Может, и мне послушать? За манипуляциями Генриха Артемьевича я совсем упустил из виду трубку. Когда Гарай делает еще знак стоять смирно, я прикладываю мембрану к уху. Пронзительный свист, визг врываются в голову — невыносимо слушать! Слегка отстраняю трубку и тогда узнаю в звуках до пятой октавы.

Дальше уже идет ультразвук! Что это значит — катастрофа, опасность?..

В самом деле, Гарай оборачивается ко мне, приказывает отойти: «Дальше!» Пятясь, сдаю назад, не отрывая глаз от Генриха Артемьевича.

— Свет! — говорит он по-прежнему шепотом.

Включаю фонарь.

Гарай снимает с пояса молоток. Что он задумал?

Может быть, снять и мне? Отбивать пробы? Но Гарай не дает сигнала. Он все еще занят своим молотком. Слежу за каждым его движением, на меня он не обращает внимания. Ощупывает стену. Примеривается молотком. Поспешно прижимаю мембрану к уху.

Теряю секунду, и, когда поднимаю глаза, Гарай, сбросив рюкзак, что есть силы замахивается на стену молотком.

— Ну! — вонзает молоток в скалу острым жалом.

Лопнула струна? Или тысяча струн разом? Или это вздох вырвался из скалы? Мембрана треснула в трубке, как выстрел… Пыхнула пыль в лицо, луч фонаря потускнел в ней, рассеялся. А когда пыль осела, из скалы, вернее, из черного хода, который возник в стене, смотрели на нас три фонаря.

— Генрих?.. — раздался голос Ветрова.

Гарай стоял, пригнувшись, вытянув голову. Слышал ли он восклицание Ветрова? Скорее нет — он слушал.» Затем он махнул рукой, приглашая Ветрова и других:

— Живее!

Люди двинулись к нам, а Гарай даже не переменил позы — прислушивался.

Проходя мимо, Ветров спросил у него вполголоса:

— Знал, что мы рядом?..

— Нет, — тоже вполголоса ответил Гарай.

Затем он выпрямился, круто обернулся ко всем — Ветров, Надя Громова, Санкин были в нашей пещере — и, сделав шаг от пролома, крикнул:

— Бежим!

Надя пыталась поправить сползший рюкзак, Гарай подхватил ее за плечи:

— Быстрей!

Ветров, Санкин, не пришедший в себя, пятились в темноту. Гарай подталкивал Надю: «Ну!..»

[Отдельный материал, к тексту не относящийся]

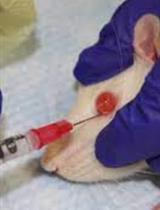 Assessing the Presence of Hematopoietic Stem and Progenitor Cells in Mouse Spleen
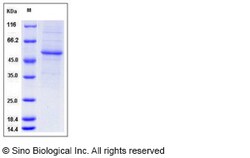 Sino Biological Recombinant Human Interferon alpha 10/IFNA10 Protein (hFc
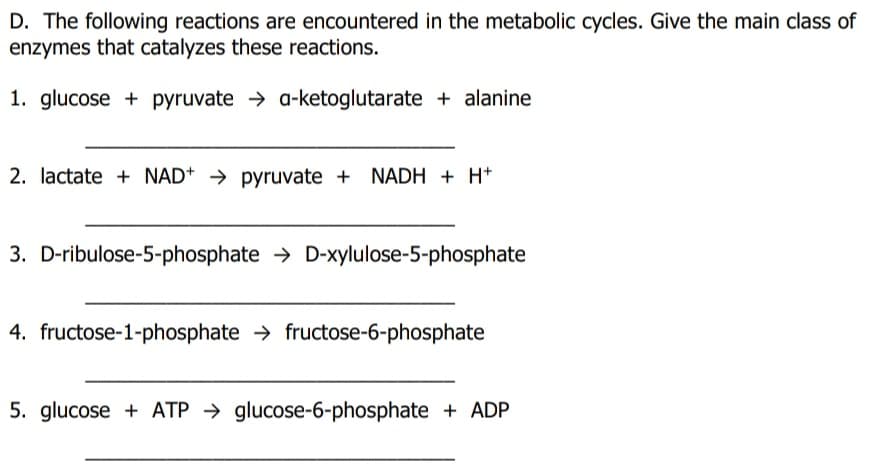 D. The following reactions are encountered in the metabolic cycles. Give the main class of
enzymes that catalyzes these reactions.
1. glucose + pyruvate → a-ketoglutarate + alanine
2. lactate + NAD+ → pyruvate + NADH + H+
3. D-ribulose-5-phosphate → D-xylulose-5-phosphate
4. fructose-1-phosphate → fructose-6-phosphate
5. glucose + ATP → glucose-6-phosphate + ADP
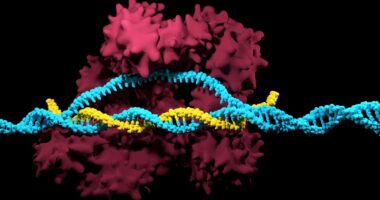 Huntington's gene editing
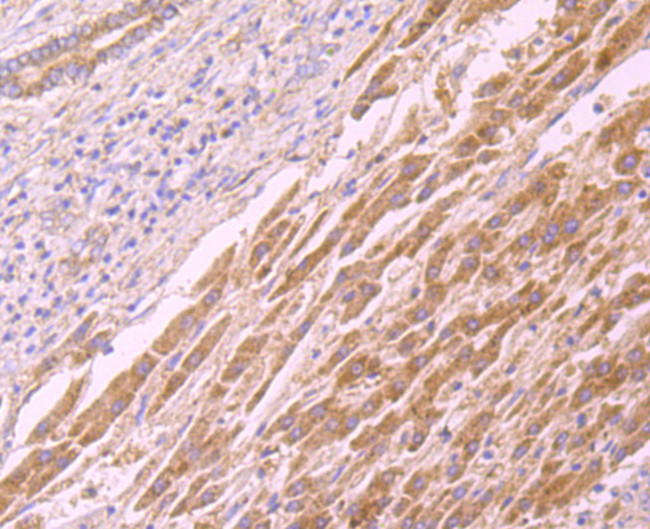 CD137 (4-1BB) Antibody in Immunohistochemistry (Paraffin) (IHC (P))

К счастью, в суматохе я не забыл о трубке. Рывком прижал ее к уху. Вой, хохот, скрежет ворвались под черепную крышку, удары молотом, треск — бедлам выл и бесновался вокруг.

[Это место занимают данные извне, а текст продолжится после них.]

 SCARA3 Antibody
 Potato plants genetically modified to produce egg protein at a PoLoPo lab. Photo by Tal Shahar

— Бежим! — Гарай увлекал всех вдоль прохода.

Не пробежали мы двадцати метров, как сзади охнуло, рухнуло. Пол под ногами качнулся, по стенам побежали трещины.

Я опять прижал трубку к уху. Паровоз, сто паровозов выпускали пары. Свист, шипение шли по скалам, или, может быть, Земля, освистывала наше бегство, шикала вслед.

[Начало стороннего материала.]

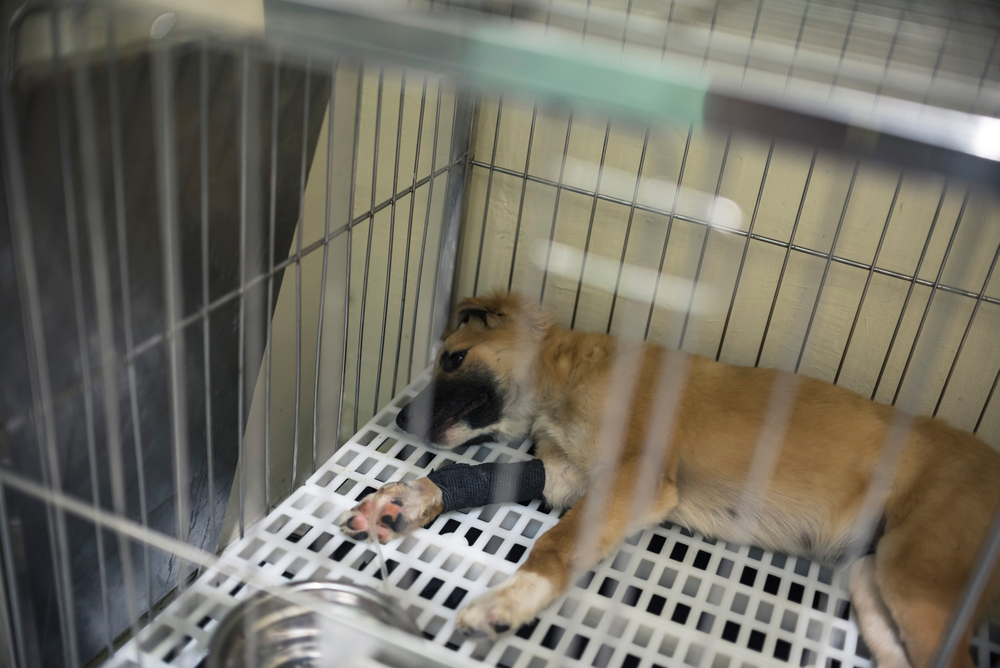 puppy lies on the cage with an IV line inserted into his front leg due to Canine parvovirus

Потом мы шли: Ветров, геолог Санкин, Надя, я и замыкающим Генрих Артемьевич. Ветров молча освещал фонарем дорогу, Санкин нервно покашливал, Надя, если судить по неровной походке, недоумевающая, испуганная.

У меня вертелось в мозгу: «Сезам, откройся! Сезам, откройся!» И так до развилки, где свернул вправо отряд Незванова.

Здесь только Санкин в полный голос спросил:

— Что же произошло, товарищи?..

Ветров промолчал, Надя ничего не сказала. Я мысленно повторил: «Сезам, откройся!» За всех ответил Генрих Артемьевич:

— Обыкновенный обвал…

— Боже мой, — сказал Санкин, — как мы остались живы?

Я, наверно, мог бы рассказать все, что видел. Но я промолчал.

Уже на выходе, когда блеснул дневной свет, Ветров отстал, подошел к Гараю:

— Уральский вариант, Генрих? — спросил он.

Гарай молча пожал плечами.

В лагере нас не ждали. Мы должны были вернуться к вечеру. Над горами светило солнце. Ветер качал верхушки елей. Шумела река. Я уже заметил, что в полдень река шумит сильнее…

До вечера шла нейтральная полоса. Гарай не обращался ко мне, не заговаривал. Перебирал и укладывал снаряжение, оттачивал жало своего молотка. Я не решался заговорить с ним. Слонялся по лагерю, потом ушел в лес. Лег под елью в тени, думая о нападении на Генриха Артемьевича. Для этого надо было собрать не только мысли, но и характер. Гарай может поставить на моем пути стену молчания — так он ответил Ветрову на его вопрос об уральском варианте. Со мной ему ничего не стоило поступить так же — кто я ему? Но все равно я готовился: вытаскивал вопрос за вопросом, обтачивал их, закруглял и складывал горкой как пушечные ядра. К вечеру мой арсенал был готов. С характером хуже: вообще-то я не отличался особой решительностью, а тут откуда ее набраться?